We are subject to certain negative covenants under the Indenture. The Indenture limits our ability to, among other things:
incur additional indebtedness and issue preferred equity interests;
pay dividends or make other distributions or repurchase or redeem equity interests;
make loans and investments;
enter into sale and leaseback transactions;
sell, transfer or otherwise convey assets;
create liens;
enter into transactions with affiliates;
enter into agreements restricting subsidiaries’ ability to pay dividends;
designate future subsidiaries as unrestricted subsidiaries; and
consolidate, merge or sell all or substantially all of the applicable entities’ assets.
These covenants are subject to certain exceptions and qualifications, and contain cross-default provisions relating to the covenants of our 2011 Credit Facility discussed below.
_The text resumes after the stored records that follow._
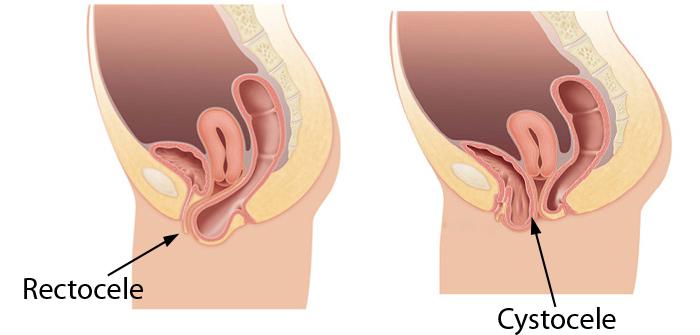rectocele cytocele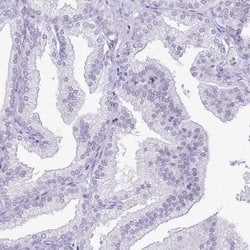Invitrogen RPL3L Polyclonal Antibody 100 &mu;L; Unconjugated:Antibodies,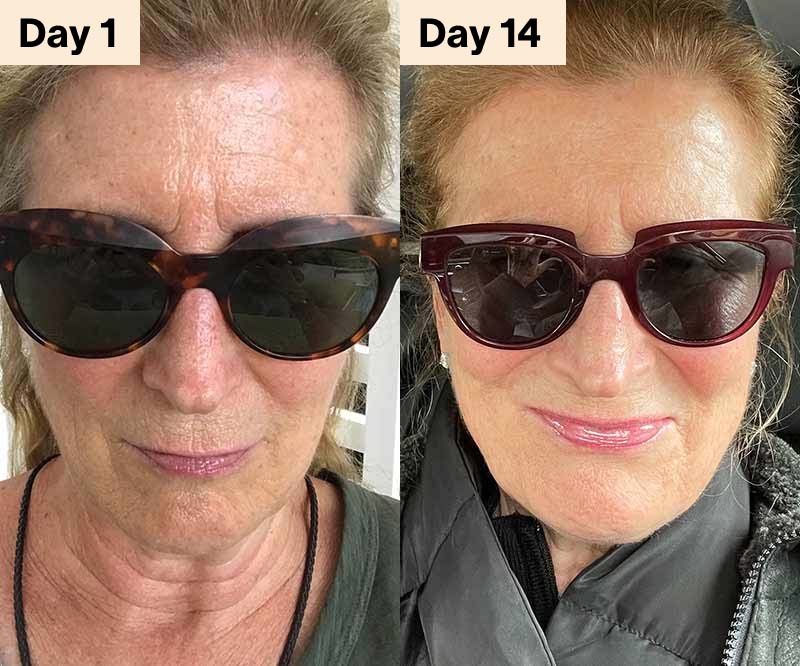 Red Light Therapy Before and After for Wrinkles Fine lines 11s Puffiness Dark Circles Turkey Neck Droopy Skin Crepey Skin Eye Bags Under-Eye Bags De-Puffing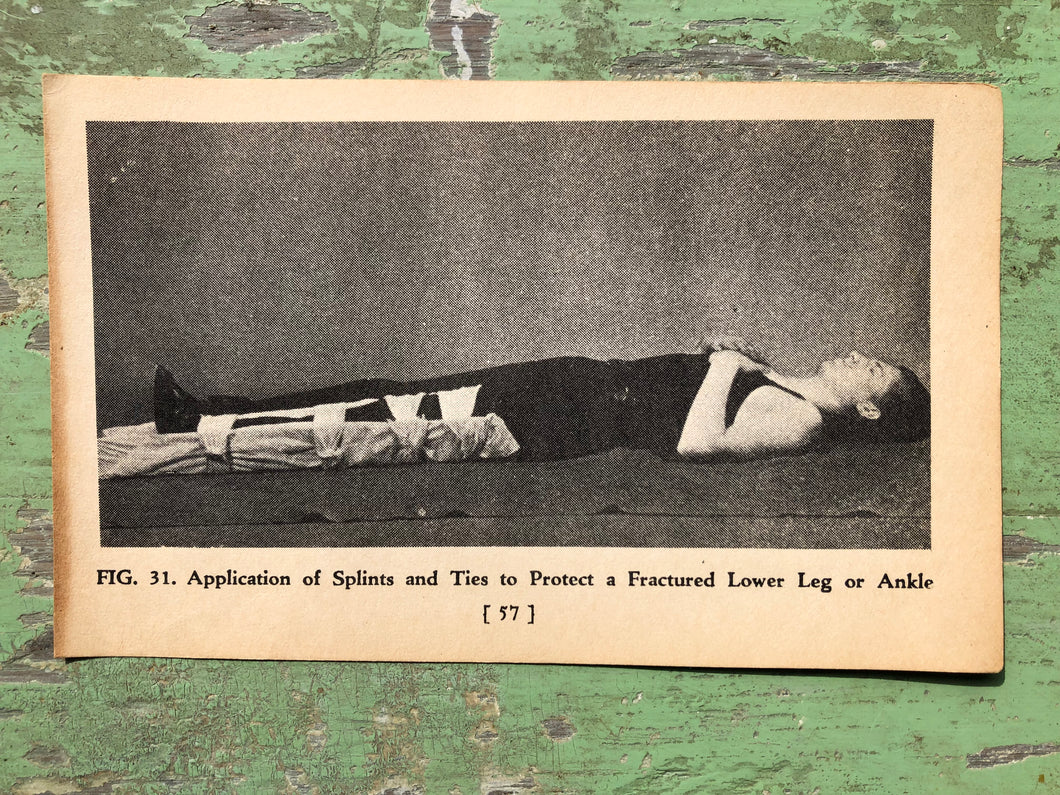 Fig. 31, Print from A Handy Guide to First Aid. by James Carlton Zwetsch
Substantially all of the covenants will terminate before the 2021 Notes mature if one of two specified ratings agencies assigns the 2021 Notes an investment grade rating in the future and no events of default exist under the Indenture. As of March 31, 2014, the 2021 Notes were rated below investment grade. Any covenants that cease to apply to us as a result of achieving an investment grade rating will not be restored, even if the investment rating assigned to the 2021 Notes later falls below investment grade. We were in compliance with these covenants at March 31, 2014.
Senior Secured Credit Facility
We are party to a $550.0 million senior secured revolving bank credit facility with JPMorgan Chase Bank, N.A., as Administrative Agent, Bank of America, N.A., as Syndication Agent, and Capital One, N.A., Wells Fargo Bank, N.A., Credit Agricole Corporate and Investment Bank and DnB NOR Bank ASA, as Co-Documentation Agent (as amended, the “2011 Credit Facility”), which is an important source of liquidity for us. The 2011 Credit Facility consists of a revolving credit facility, letter of credit sub-facility and swing line facility, all of which will mature no later than March 31, 2016.
The maximum amount that we may borrow under the facility may be subject to limitation due to the operation of the covenants contained in the facility. The 2011 Credit Facility allows us to request increases in the total commitments under the facility by up to $100.0 million in the aggregate in part or in full anytime during the term of the 2011 Credit Facility, with any such increases being subject to compliance with the restrictive covenants in the 2011 Credit Facility and in the Indenture governing our 2021 Senior Notes, as well as lender approval.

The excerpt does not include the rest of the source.